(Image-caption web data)
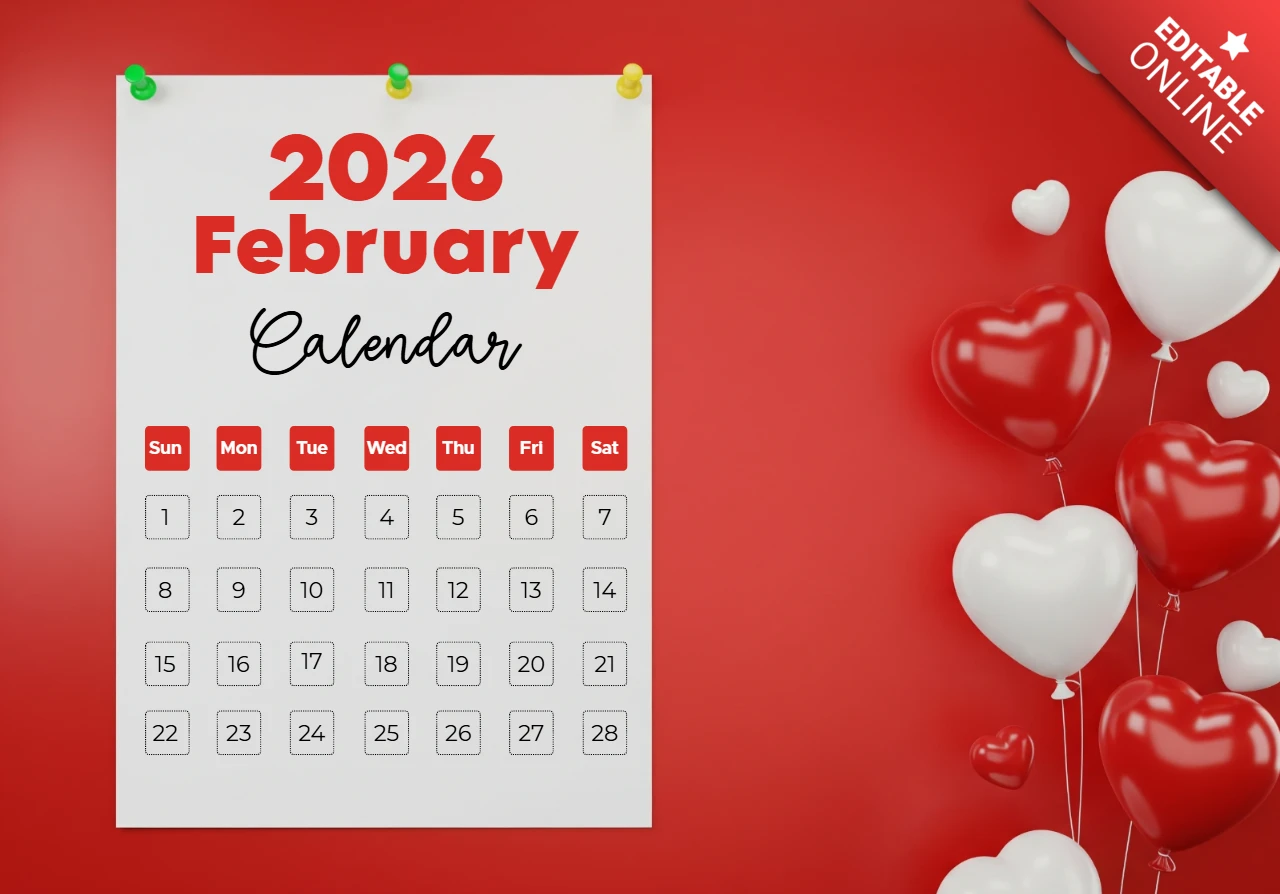 Calendario decorativo de febrero de 2026 con fondo rojo, globos en forma de corazón y esquinas sujetas.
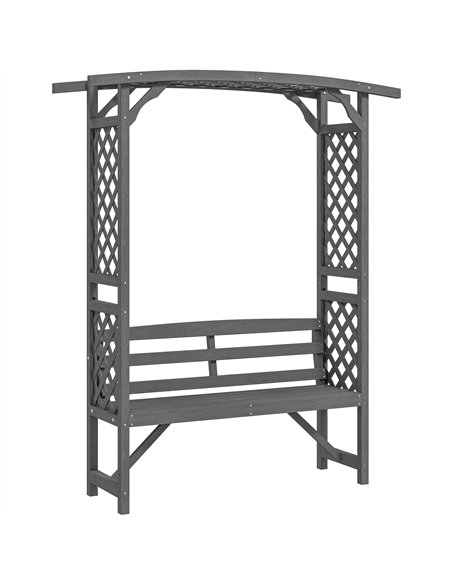 Outsunny Garden Bench, Wooden Garden Arbour with Seat for Vines/Climbing Plants, Grey - pic 153646 | FastDaddyshop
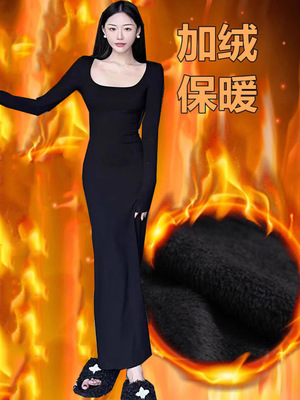 【330克棉加绒加厚保暖】显瘦黑色显瘦长款收腰长袖连衣裙长裙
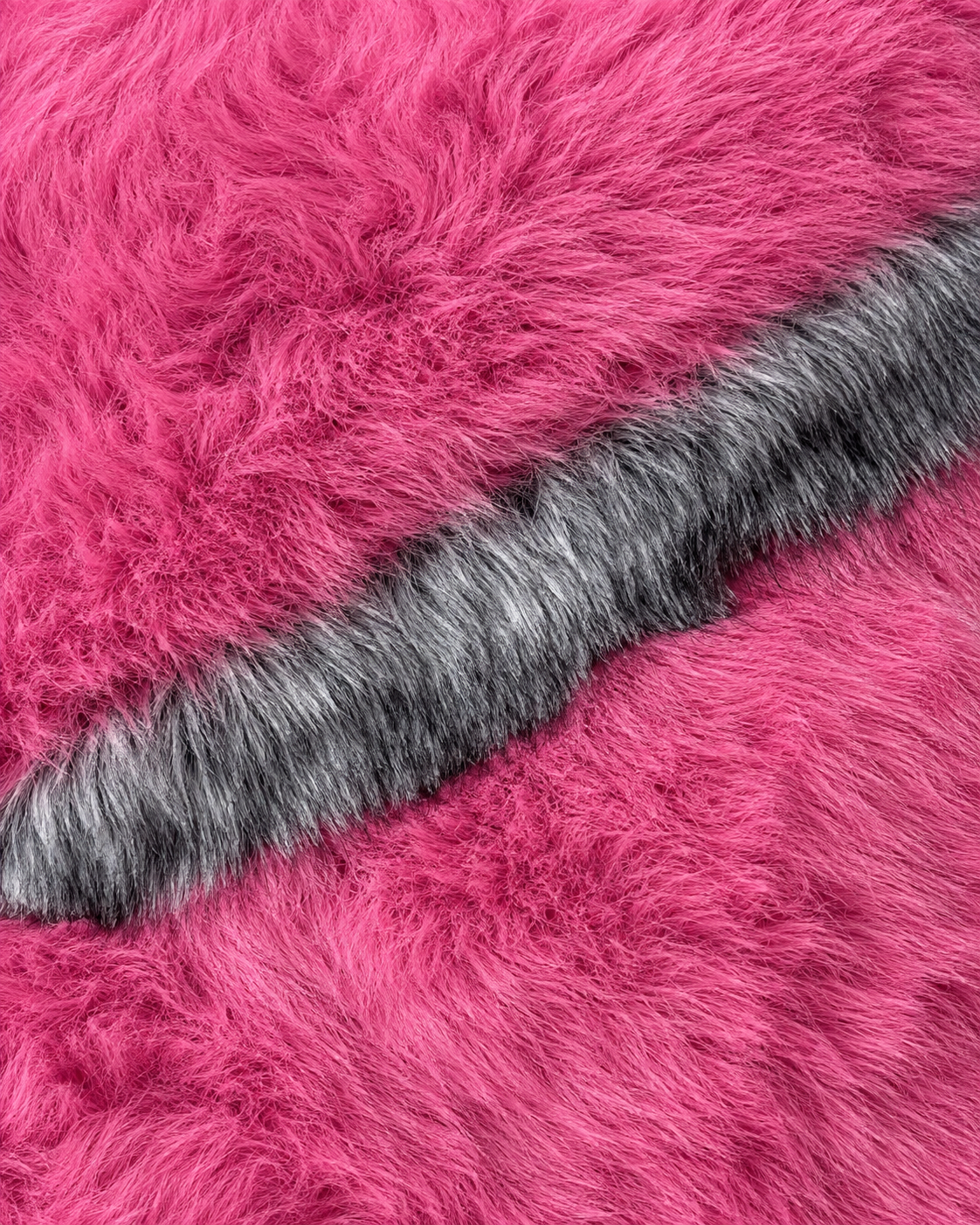 Pink & Grey Faux Fur Gilet with Faux Leather Panels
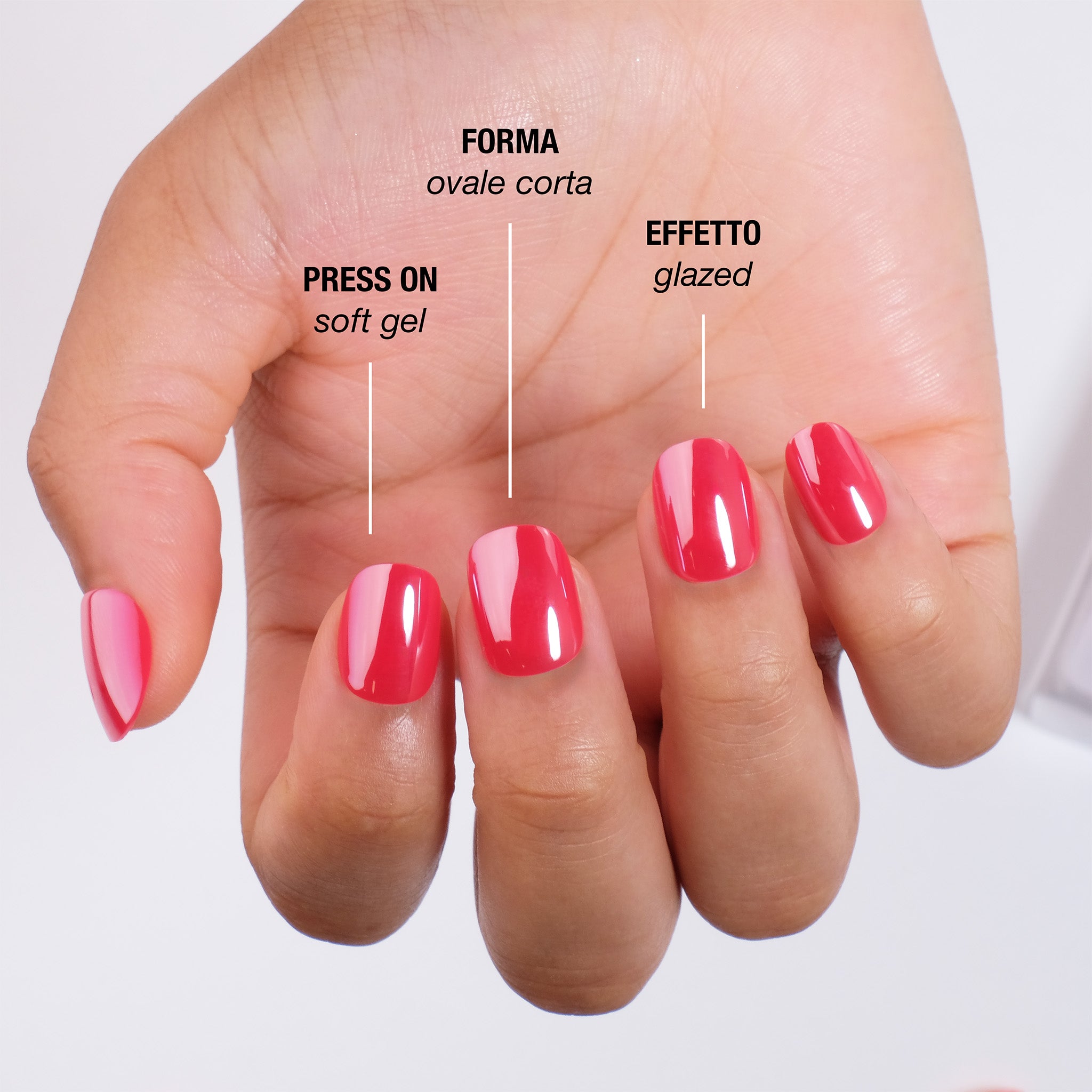 Red Carpet Glazed Press On Nails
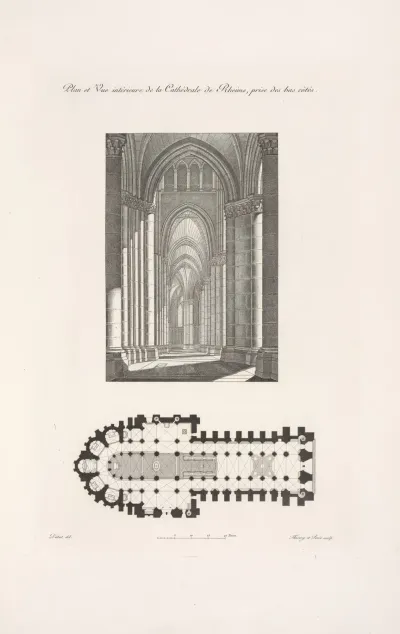 Plan Et Vue Interieure De La Cathedrale De Rheims Prise Des Bas Cotes
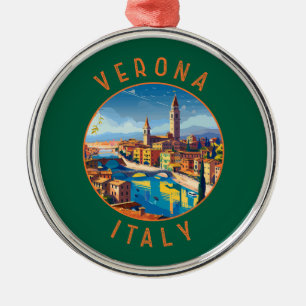 Verona Italië Retro Distressed Circle Metalen Ornament
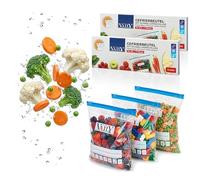 Vaily Juego de 14 bolsas para congelar con cremallera, 6 L, para volver a cerrar, gran juego para almacenar alimentos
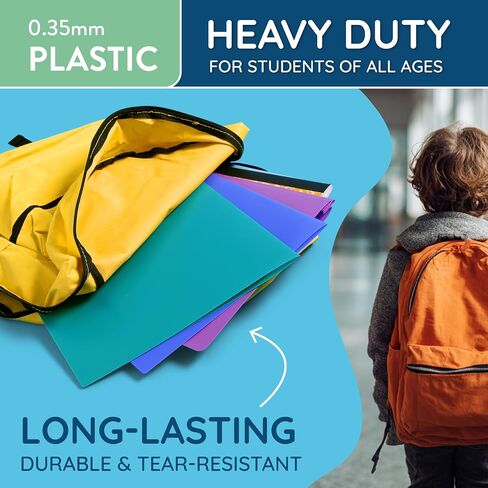 6 Pack Multicolor Plastic Two Pocket Folders, Plastic Folders with 2 Pockets and Business Card Slot, 2 Pocket Plastic Folders for School, Home, and Work, 6 Pack Plastic Folders in Kuwait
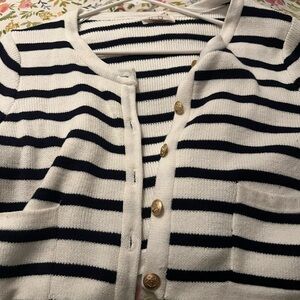 Jessica Simpson Navy and White Striped Cardigan with Gold Buttons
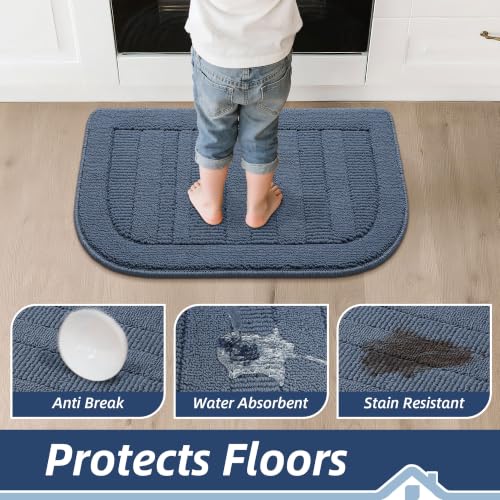 30x18 Inch Kitchen Rugs Non Slip Washable Kitchen Sink Rug (1'6" x 2'6" (Semicircular) / Blue)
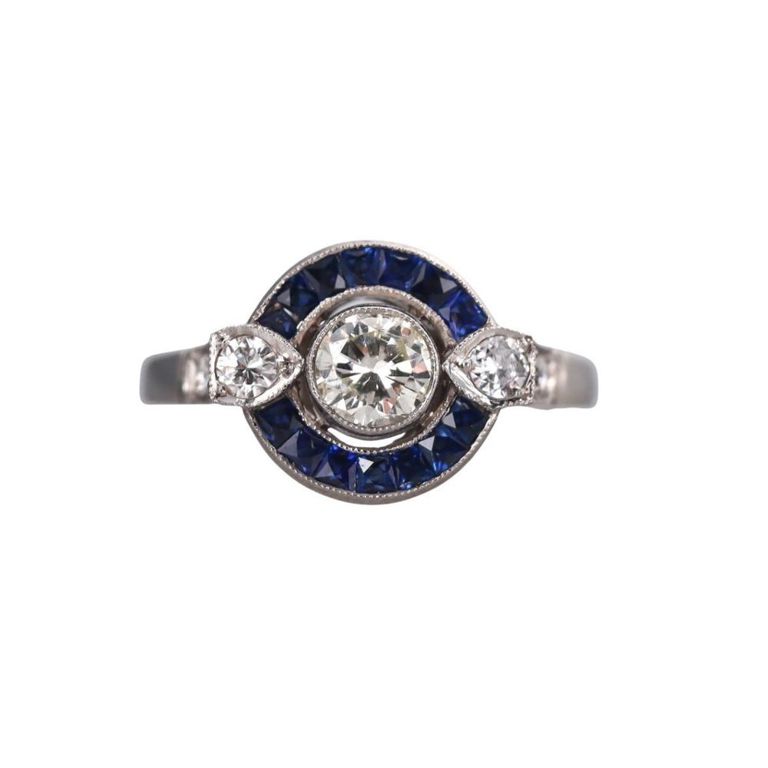Platinum Diamond and Sapphire Ring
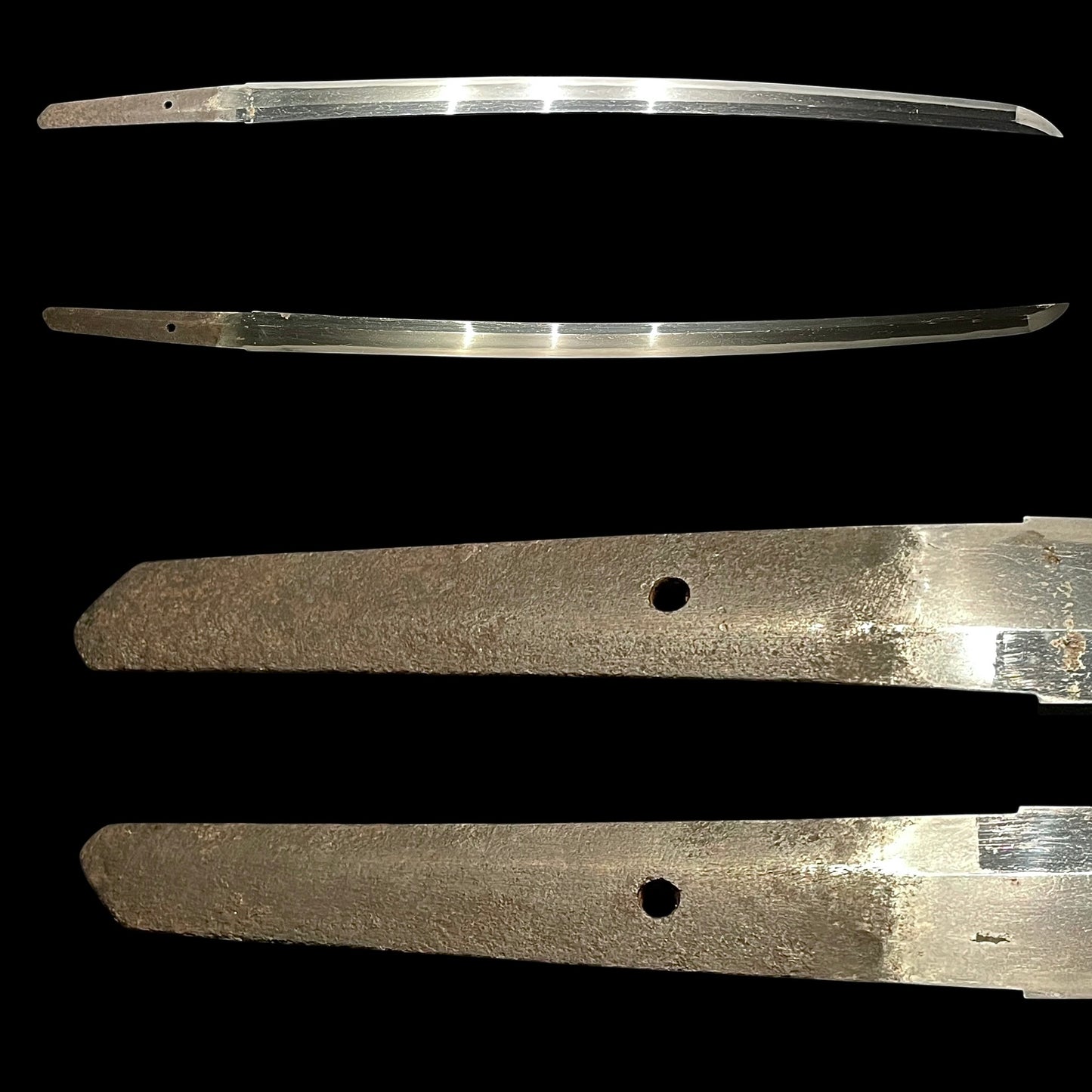 Long Wakizashi with Shakudo Bird Fuchikashira and Gold inaly Tsuba, Edo period mumei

● EXERCISE OBJECTIVE:
Make a verbatim copy of all the entries and strip out the pictures.

● WRITTEN ANSWER:
 Calendario decorativo de febrero de 2026 con fondo rojo, globos en forma de corazón y esquinas sujetas.
 Outsunny Garden Bench, Wooden Garden Arbour with Seat for Vines/Climbing Plants, Grey - pic 153646 | FastDaddyshop
 【330克棉加绒加厚保暖】显瘦黑色显瘦长款收腰长袖连衣裙长裙
 Pink & Grey Faux Fur Gilet with Faux Leather Panels
 Red Carpet Glazed Press On Nails
 Plan Et Vue Interieure De La Cathedrale De Rheims Prise Des Bas Cotes
 Verona Italië Retro Distressed Circle Metalen Ornament
 Vaily Juego de 14 bolsas para congelar con cremallera, 6 L, para volver a cerrar, gran juego para almacenar alimentos
 6 Pack Multicolor Plastic Two Pocket Folders, Plastic Folders with 2 Pockets and Business Card Slot, 2 Pocket Plastic Folders for School, Home, and Work, 6 Pack Plastic Folders in Kuwait
 Jessica Simpson Navy and White Striped Cardigan with Gold Buttons
 30x18 Inch Kitchen Rugs Non Slip Washable Kitchen Sink Rug (1'6" x 2'6" (Semicircular) / Blue)
Platinum Diamond and Sapphire Ring
 Long Wakizashi with Shakudo Bird Fuchikashira and Gold inaly Tsuba, Edo period mumei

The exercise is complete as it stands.